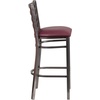 image:imageFlash Furniture 2 Pack HERCULES Series Silver Antique Finish with Clear Coat Ladder Back Metal Restaurant Barstool  Black Vinyl SeatBurgundy Vinyl SeatClear Coated Metal Frame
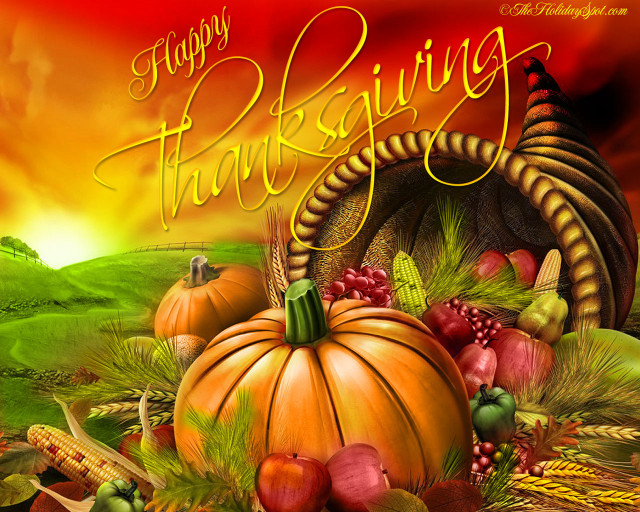 Thanksgiving turkey cornucopia red sky free wallpaper for desktop - medium preview image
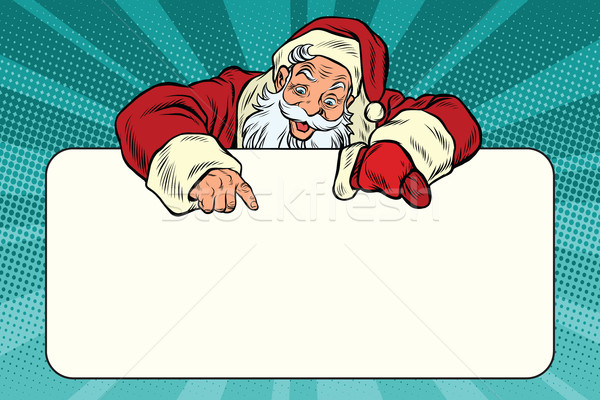 Foto stock: Papá · noel · carácter · banner · espacio · de · la · copia · arte · pop · retro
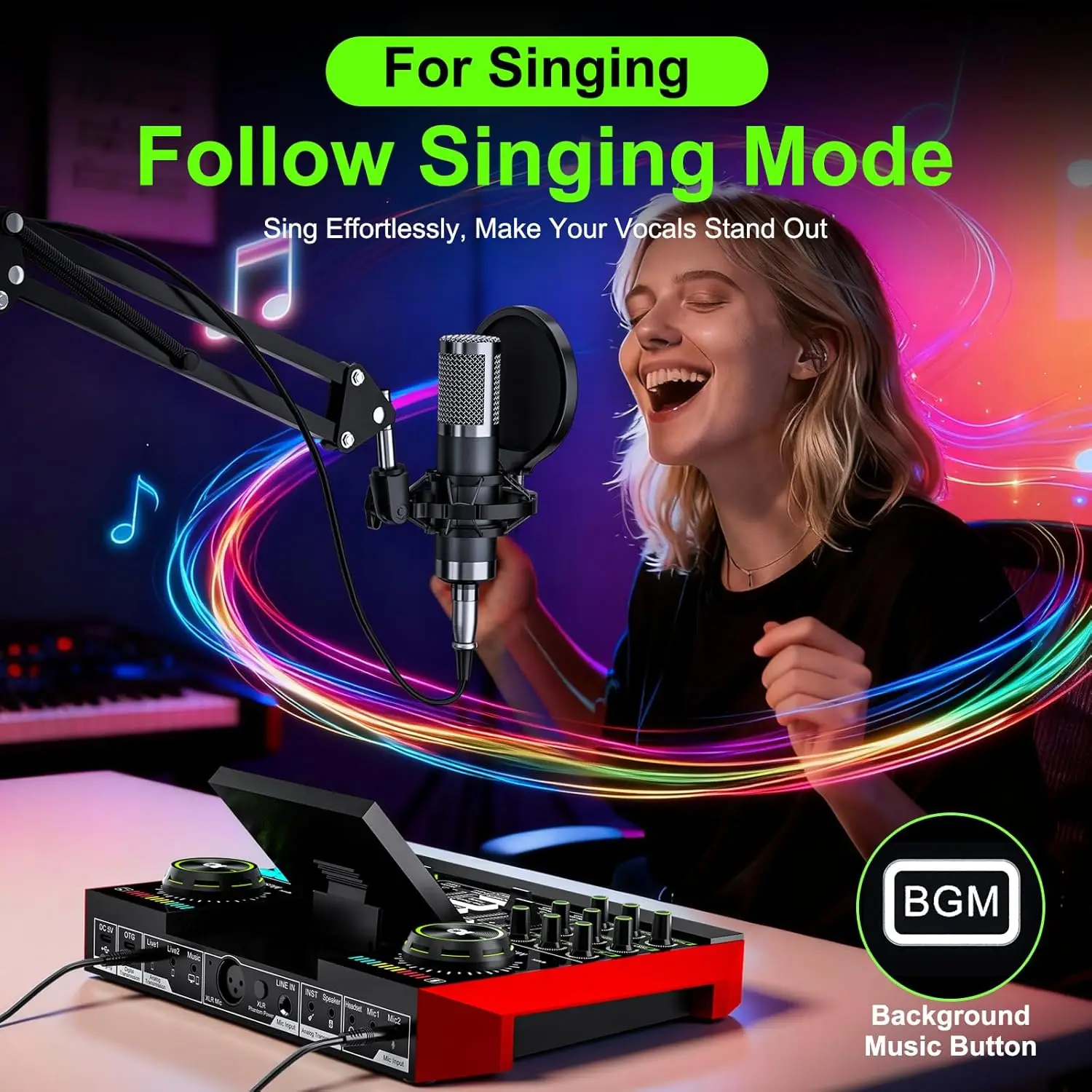 Tenlamp G10 Live Streaming Audio Interface Gaming Audio Mixer, Podcast Equipment with 3.5mm Condenser Mic,Sound Card for PC/Phone Podcast Recording, Voice Changer, Denoise,Phantom Power,Reverb，Music Power Conditioner Karaoke Machine view 3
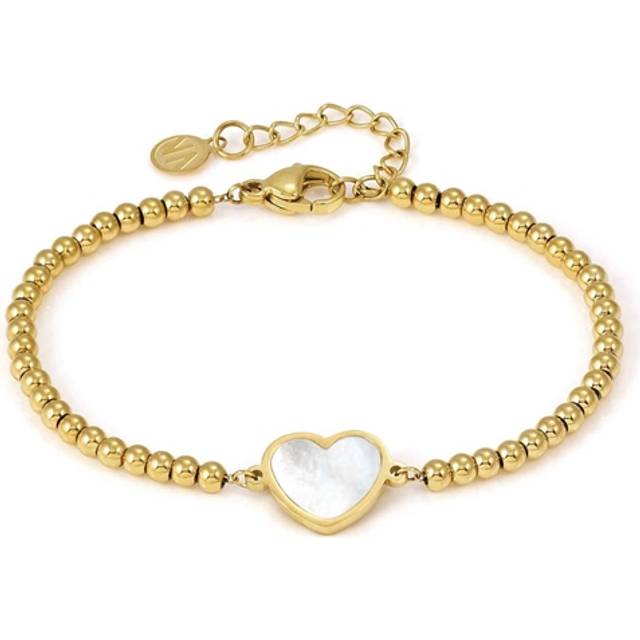 Nomination Emosfere Gold Mother of Pearl Heart Beaded Stainless Steel Bracelet - 15cm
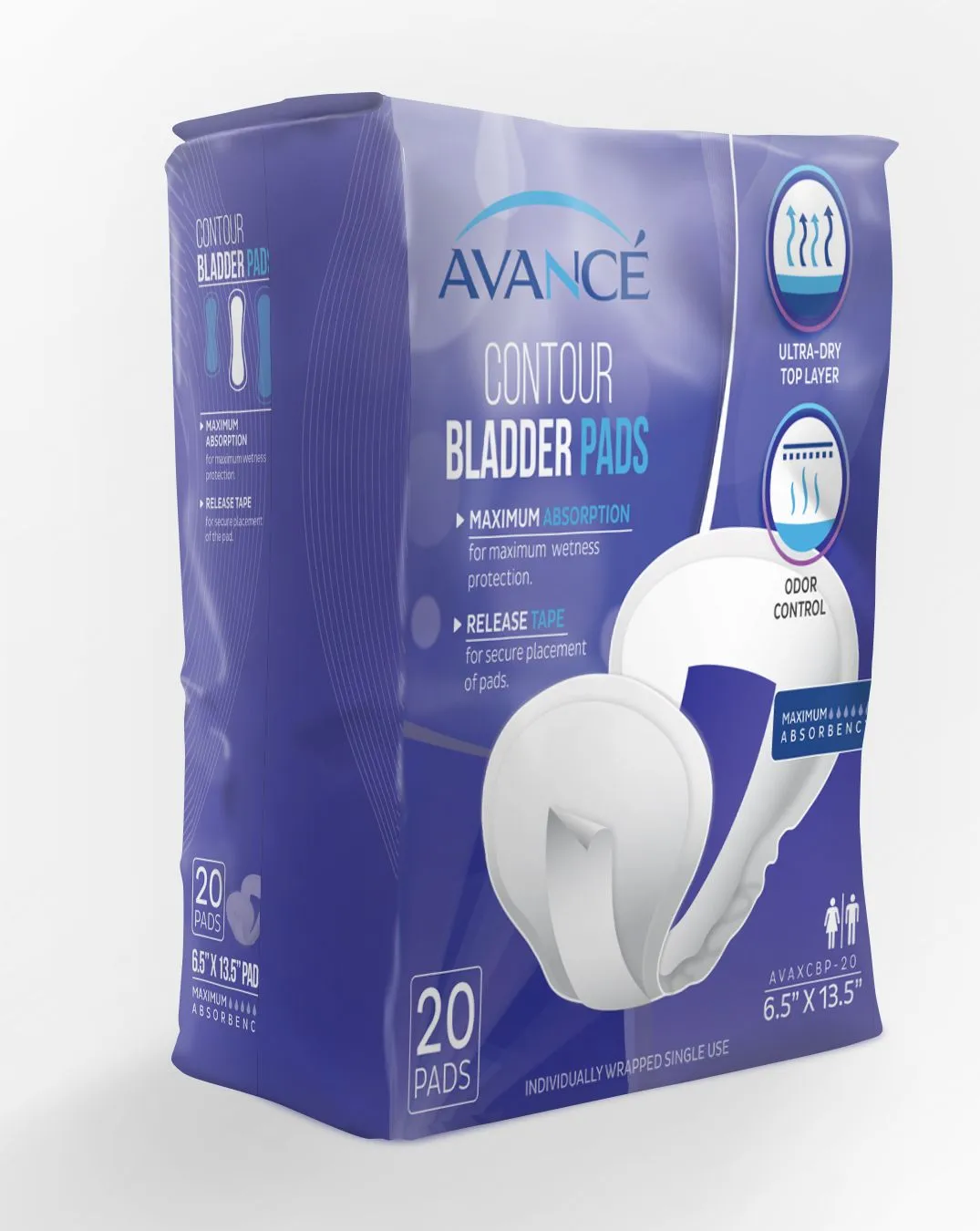 Avancé Maximum Absorbency 6.5" x 13.5" Contour Bladder Pads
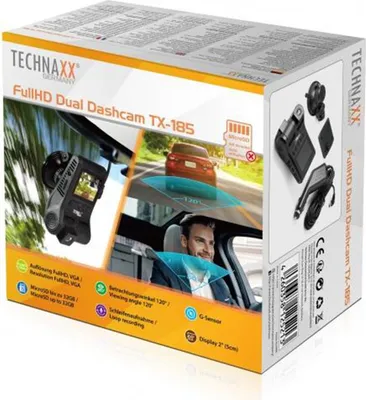 Produktbild von Technaxx Dashcam TX-185 Full-HD Dual Frontkamera zur Parküberwachung,Tonaufzeichung, uvm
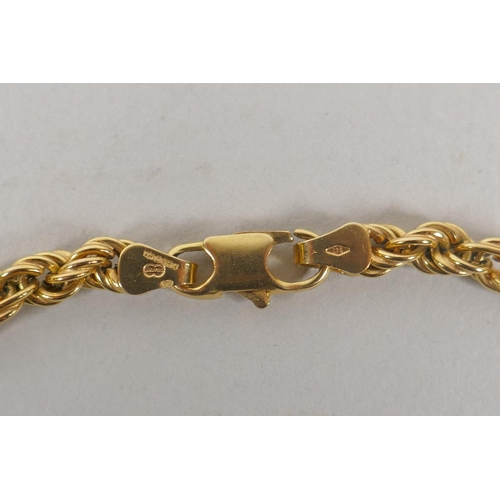 615 - A 9ct gold link necklace, 13.1g, 50cm long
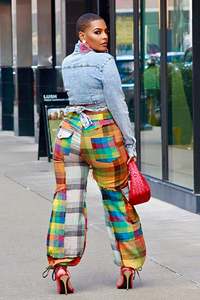 T Selling Products Women Paneled Multi-pocket Asymmetrically <strong>Positioned</strong> Printed Cargo <strong>Pants</strong> for Ladies - Product Image 6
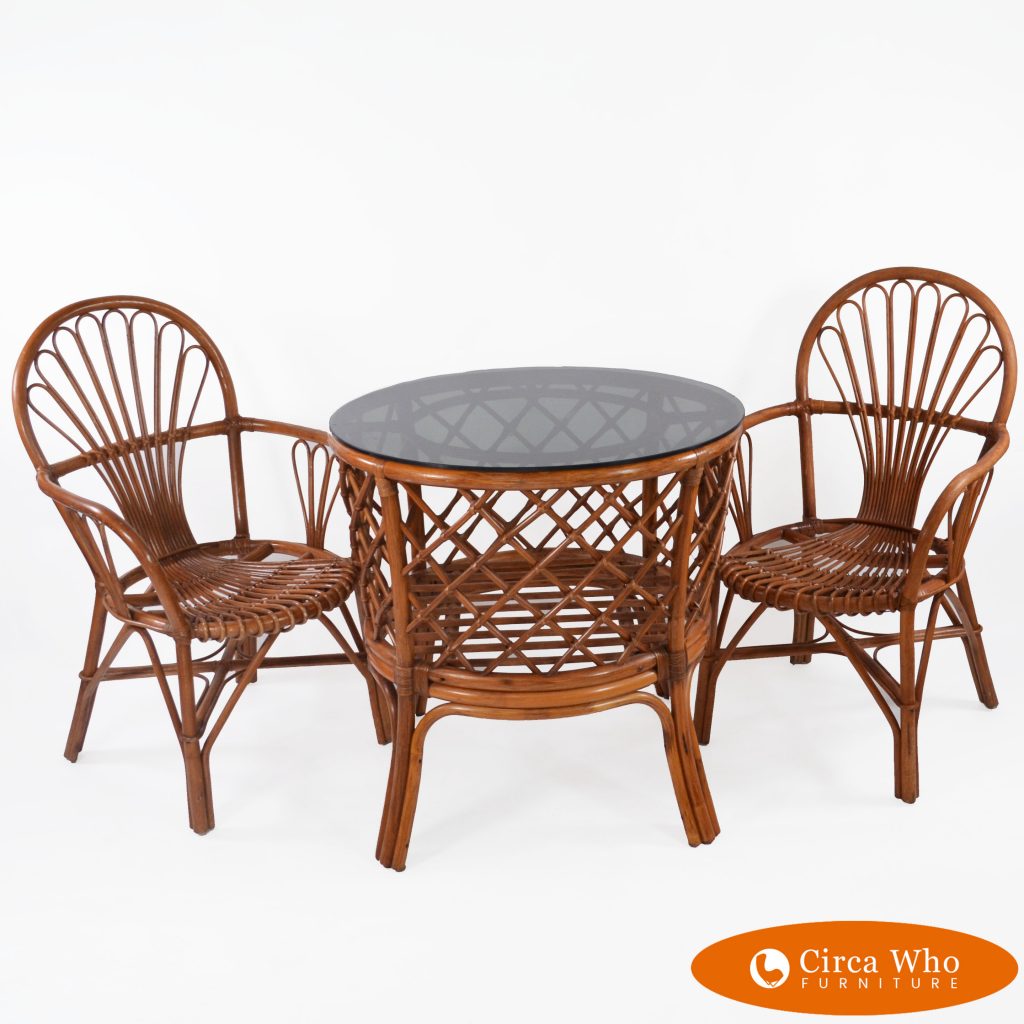 Rattan Table W  2 Chairs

────────────────

**EXERCISE PROMPT**
Once the pictures are removed, output the entries above exactly as given.

**ANSWER TO THE EXERCISE**
 image:imageFlash Furniture 2 Pack HERCULES Series Silver Antique Finish with Clear Coat Ladder Back Metal Restaurant Barstool  Black Vinyl SeatBurgundy Vinyl SeatClear Coated Metal Frame
 Thanksgiving turkey cornucopia red sky free wallpaper for desktop - medium preview image
 Foto stock: Papá · noel · carácter · banner · espacio · de · la · copia · arte · pop · retro
 Tenlamp G10 Live Streaming Audio Interface Gaming Audio Mixer, Podcast Equipment with 3.5mm Condenser Mic,Sound Card for PC/Phone Podcast Recording, Voice Changer, Denoise,Phantom Power,Reverb，Music Power Conditioner Karaoke Machine view 3
 Nomination Emosfere Gold Mother of Pearl Heart Beaded Stainless Steel Bracelet - 15cm
 Avancé Maximum Absorbency 6.5" x 13.5" Contour Bladder Pads
 Produktbild von Technaxx Dashcam TX-185 Full-HD Dual Frontkamera zur Parküberwachung,Tonaufzeichung, uvm
 615 - A 9ct gold link necklace, 13.1g, 50cm long
 T Selling Products Women Paneled Multi-pocket Asymmetrically <strong>Positioned</strong> Printed Cargo <strong>Pants</strong> for Ladies - Product Image 6
 Rattan Table W  2 Chairs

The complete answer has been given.